The Death Of Dynamic Range - thamer
http://www.cdmasteringservices.com/dynamicdeath.htm

======
bryanwoods
It always puts me a bit off when I see people trying to apply science to an
aesthetic issue like this one (this article is way less guilty than many
others on the subject).

There is no doubt that engineers are mastering pop music "louder" now than in
decades past, but it's too easy to jump to the usual conclusions of there
being some kind of Volume Arms Race, with each successive album attempting to
be louder than the others surrounding it.

There's a hard limit of 0dB that digital recordings can reach before digital
distortion, and it's not like professional audio engineers are trying to push
the envelope there, curious to see what happens.

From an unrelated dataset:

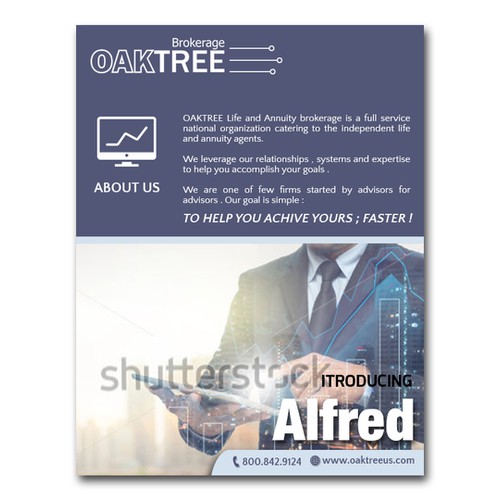 A sophisticated brochure for insurance agents and investment advisors.
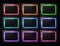 Neon rectangle banners. Glowing square buttons set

The real reason pop music (and we're only talking about pop music) is mastered
so loud these days has much more to do with the general trendinesses of pop
music than some kind of unscientific and unjustified commercialism.

In other words...

In 2009 Kanye West is a popular musician. When asked why they like Kanye
West's music, people often say things like "it's got a good beat to it," or "I
like dancing to it." People think Kanye West's music has a good beat because
of the overall mid-scooped equalization of the track, and the effect of
compressed and "loud" mixes coming out of large speakers. It makes people want
to dance, and the dancing makes them happy.

But, when they get home from the club, exhausted and tired of being on their
feet all day, they put on a relaxing Sufjan Stevens (or whatever the kids are
listening to these days) album. The mastering is far lower in perceived
volume, and the same person who was dancing to Kanye West because it "had a
good beat" is now saying how much Sufjan Stevens lets him "mellow out."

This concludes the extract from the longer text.